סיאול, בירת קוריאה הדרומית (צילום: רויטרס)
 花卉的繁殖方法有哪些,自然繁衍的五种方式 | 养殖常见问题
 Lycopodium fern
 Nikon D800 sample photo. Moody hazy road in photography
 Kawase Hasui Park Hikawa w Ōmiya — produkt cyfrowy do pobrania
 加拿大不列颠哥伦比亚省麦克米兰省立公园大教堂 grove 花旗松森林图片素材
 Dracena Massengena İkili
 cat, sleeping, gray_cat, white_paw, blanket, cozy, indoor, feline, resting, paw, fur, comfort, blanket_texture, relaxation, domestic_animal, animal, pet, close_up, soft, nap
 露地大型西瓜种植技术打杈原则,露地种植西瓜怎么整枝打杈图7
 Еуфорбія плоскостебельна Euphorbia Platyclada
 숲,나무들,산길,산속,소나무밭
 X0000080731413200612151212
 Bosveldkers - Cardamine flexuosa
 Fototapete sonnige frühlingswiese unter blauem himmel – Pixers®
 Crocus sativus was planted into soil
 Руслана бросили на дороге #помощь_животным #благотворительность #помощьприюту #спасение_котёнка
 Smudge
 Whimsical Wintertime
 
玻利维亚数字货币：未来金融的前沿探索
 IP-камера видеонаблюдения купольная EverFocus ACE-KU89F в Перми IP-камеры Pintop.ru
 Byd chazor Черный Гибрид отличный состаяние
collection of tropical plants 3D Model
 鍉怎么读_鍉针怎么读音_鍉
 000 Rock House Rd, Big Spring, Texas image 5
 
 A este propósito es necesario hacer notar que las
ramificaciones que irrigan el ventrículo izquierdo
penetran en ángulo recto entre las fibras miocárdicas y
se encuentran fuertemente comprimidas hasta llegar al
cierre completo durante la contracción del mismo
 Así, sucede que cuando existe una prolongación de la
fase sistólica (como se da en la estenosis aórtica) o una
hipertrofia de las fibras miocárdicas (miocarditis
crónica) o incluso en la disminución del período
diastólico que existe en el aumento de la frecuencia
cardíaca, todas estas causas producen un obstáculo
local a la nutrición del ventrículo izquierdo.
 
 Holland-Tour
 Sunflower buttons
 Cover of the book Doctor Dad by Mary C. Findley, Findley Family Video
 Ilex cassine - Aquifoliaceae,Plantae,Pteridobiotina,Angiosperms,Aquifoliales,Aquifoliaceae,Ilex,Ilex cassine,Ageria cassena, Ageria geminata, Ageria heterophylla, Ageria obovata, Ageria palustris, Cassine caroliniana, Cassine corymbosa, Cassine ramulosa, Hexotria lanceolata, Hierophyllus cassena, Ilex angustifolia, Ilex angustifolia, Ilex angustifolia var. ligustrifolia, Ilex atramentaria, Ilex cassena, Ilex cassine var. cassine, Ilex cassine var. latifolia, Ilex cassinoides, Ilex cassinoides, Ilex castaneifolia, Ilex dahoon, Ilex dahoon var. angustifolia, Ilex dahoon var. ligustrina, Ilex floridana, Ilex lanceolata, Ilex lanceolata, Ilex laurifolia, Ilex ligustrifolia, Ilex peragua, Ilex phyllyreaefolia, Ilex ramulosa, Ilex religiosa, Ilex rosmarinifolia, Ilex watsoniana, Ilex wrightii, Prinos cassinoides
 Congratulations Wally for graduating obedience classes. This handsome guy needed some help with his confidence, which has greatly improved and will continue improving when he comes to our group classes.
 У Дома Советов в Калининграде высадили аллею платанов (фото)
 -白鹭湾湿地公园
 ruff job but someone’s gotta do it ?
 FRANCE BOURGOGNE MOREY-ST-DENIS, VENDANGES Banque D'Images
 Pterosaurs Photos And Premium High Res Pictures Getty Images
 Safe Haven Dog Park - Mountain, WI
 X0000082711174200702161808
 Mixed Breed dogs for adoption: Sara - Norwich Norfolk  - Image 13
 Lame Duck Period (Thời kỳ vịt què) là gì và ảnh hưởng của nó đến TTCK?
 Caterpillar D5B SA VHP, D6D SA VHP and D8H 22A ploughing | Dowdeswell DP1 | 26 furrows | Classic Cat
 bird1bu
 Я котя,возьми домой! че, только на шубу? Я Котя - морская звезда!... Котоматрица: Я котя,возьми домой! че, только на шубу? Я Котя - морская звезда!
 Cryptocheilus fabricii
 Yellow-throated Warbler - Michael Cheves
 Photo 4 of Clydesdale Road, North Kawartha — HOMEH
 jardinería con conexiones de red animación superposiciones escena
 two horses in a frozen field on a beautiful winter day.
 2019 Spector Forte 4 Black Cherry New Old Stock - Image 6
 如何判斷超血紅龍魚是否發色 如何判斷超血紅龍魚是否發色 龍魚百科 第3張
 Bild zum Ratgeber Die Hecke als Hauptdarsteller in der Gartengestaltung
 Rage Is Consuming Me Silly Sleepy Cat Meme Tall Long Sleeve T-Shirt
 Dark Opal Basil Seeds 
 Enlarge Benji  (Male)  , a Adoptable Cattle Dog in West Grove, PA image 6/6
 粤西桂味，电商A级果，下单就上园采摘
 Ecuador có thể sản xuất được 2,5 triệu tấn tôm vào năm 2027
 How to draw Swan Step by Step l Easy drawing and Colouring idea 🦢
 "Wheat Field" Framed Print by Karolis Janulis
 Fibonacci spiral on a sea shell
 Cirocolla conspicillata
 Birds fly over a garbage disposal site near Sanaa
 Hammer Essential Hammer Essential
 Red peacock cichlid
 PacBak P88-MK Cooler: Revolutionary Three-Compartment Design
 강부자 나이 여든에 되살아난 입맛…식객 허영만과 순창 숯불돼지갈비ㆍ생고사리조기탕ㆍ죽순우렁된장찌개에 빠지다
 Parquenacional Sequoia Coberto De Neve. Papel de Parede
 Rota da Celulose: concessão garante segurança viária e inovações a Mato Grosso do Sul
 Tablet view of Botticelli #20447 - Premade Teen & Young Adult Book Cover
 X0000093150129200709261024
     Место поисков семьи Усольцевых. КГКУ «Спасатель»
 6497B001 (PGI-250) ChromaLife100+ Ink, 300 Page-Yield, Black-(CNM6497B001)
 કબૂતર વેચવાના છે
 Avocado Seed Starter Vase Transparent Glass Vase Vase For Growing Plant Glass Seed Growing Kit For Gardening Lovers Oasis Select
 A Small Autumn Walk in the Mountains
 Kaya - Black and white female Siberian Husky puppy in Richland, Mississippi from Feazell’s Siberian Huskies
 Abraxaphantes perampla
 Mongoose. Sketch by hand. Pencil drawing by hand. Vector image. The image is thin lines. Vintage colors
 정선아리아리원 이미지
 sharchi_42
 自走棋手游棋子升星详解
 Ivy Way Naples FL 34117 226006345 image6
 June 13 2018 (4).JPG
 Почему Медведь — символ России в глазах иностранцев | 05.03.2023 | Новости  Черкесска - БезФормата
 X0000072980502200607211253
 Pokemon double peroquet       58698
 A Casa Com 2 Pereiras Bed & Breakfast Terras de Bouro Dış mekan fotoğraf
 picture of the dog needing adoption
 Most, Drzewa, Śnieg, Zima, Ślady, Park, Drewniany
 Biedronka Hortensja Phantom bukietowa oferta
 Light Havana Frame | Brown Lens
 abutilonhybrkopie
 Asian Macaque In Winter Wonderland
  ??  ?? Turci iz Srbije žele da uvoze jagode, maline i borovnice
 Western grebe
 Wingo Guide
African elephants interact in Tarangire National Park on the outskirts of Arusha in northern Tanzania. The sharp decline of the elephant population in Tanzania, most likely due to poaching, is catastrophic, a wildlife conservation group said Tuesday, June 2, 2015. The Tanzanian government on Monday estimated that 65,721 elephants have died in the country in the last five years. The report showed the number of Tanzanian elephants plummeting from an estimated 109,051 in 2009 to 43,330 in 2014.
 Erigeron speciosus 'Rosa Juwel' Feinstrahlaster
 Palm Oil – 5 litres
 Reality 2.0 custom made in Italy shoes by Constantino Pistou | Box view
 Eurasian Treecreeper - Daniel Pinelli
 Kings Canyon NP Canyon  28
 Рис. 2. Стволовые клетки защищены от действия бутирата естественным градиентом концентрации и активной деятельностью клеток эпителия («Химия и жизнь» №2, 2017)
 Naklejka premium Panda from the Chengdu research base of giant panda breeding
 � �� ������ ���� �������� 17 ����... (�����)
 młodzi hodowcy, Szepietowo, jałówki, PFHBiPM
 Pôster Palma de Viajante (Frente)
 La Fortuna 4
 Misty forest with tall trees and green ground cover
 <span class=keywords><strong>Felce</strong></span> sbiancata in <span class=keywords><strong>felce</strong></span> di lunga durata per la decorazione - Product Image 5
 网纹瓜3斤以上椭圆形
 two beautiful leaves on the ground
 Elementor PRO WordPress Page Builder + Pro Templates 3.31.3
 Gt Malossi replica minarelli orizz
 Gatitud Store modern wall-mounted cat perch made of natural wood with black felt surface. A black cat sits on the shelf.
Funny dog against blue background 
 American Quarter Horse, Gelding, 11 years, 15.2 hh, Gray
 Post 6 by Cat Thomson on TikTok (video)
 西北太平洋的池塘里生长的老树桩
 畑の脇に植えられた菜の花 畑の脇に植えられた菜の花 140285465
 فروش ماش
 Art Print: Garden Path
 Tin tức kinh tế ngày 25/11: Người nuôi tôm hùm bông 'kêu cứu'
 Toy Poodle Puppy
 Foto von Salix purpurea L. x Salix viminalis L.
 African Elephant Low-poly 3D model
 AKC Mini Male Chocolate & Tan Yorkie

----------------

- _Your instructions_: Return a copy of each line in the entries that carries the string "from".

- _Response to this task_:
 Kaya - Black and white female Siberian Husky puppy in Richland, Mississippi from Feazell’s Siberian Huskies
African elephants interact in Tarangire National Park on the outskirts of Arusha in northern Tanzania. The sharp decline of the elephant population in Tanzania, most likely due to poaching, is catastrophic, a wildlife conservation group said Tuesday, June 2, 2015. The Tanzanian government on Monday estimated that 65,721 elephants have died in the country in the last five years. The report showed the number of Tanzanian elephants plummeting from an estimated 109,051 in 2009 to 43,330 in 2014.
 Naklejka premium Panda from the Chengdu research base of giant panda breeding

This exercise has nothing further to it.